One of the code narratives references states that Plaintiff “had to be retrieved by the director of the ED,” Brown's Notes 6, which Plaintiff interprets to be Dr. Singel, see Resp. NES Mot. Summ. J. 89-90. He disputes that Dr. Singel could have been there, based on the relevant GCH ED schedule. Id. This ignores Dr. Singel's administrative and supervisory responsibilities but is ultimately immaterial as it does not affect the first code narrative, which Dr. Wexler thought also demonstrated poor leadership and provided a reason to terminate Plaintiff. See Wexler Decl. ¶ 17.
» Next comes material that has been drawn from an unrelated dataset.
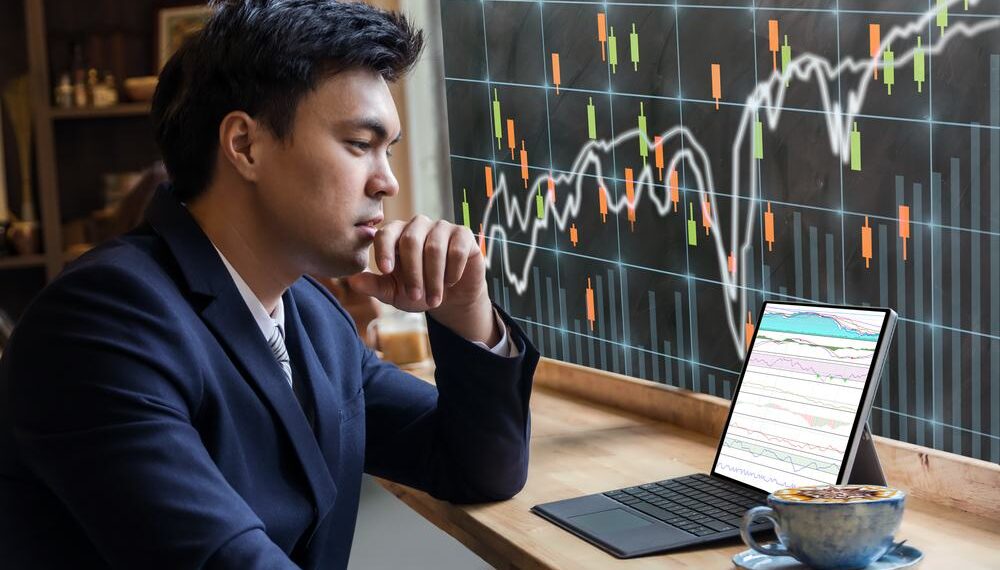 Bắt đầu kinh doanh nên bắt đầu từ đâu ? 1 học bán hàng qua mạng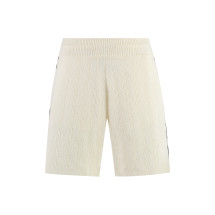 [Golden Goose] Shorts SS24 GWP01734P001471_82555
All that is left is the suspicious timeline. See Resp. NES Mot. Summ. J. 106-07. The ET tube incident, stress test incident, and code narratives were only surfaced after the decisionmakers had already met twice to discuss Plaintiff's termination. A reasonable jury might be tempted to find this suspicious and a sign that Plaintiff's “termination seemed to be predetermined.” See Vichio, 88 F.4th at 692. However, some concerns predated the meetings that precipitated Plaintiff's removal from the GCH ED schedule, such as the EMR issues, his speed, and his overall effectiveness. It would be unreasonable for a jury to infer discriminatory intent from the act of documenting existing concerns in anticipation of justifying a termination. Cf. Khungar, 985 F.3d at 575. Without more compelling and competent circumstantial evidence, Plaintiff cannot convince a reasonable jury that NES's decisionmakers did not honestly believe that their stated reasons for terminating Plaintiff's Physician Agreement were legitimate, non-discriminatory reasons.
CONCLUSION
Accordingly, NES's Combined Motion and Memorandum of Law in Support of Summary Judgment, ECF No. 35, is GRANTED, GCH's Motion for Summary Judgment, ECF No. 36, is GRANTED, and Plaintiff's Motion to Strike Opinions and Hearsay in Declaration of Steven Wexler, M.D. and All References Thereto in NES's Summary Judgment Papers, and for the Imposition of Rule 37(c)(1) Sanctions, ECF No. 41, is DENIED. The Clerk is directed to enter judgment and close the case.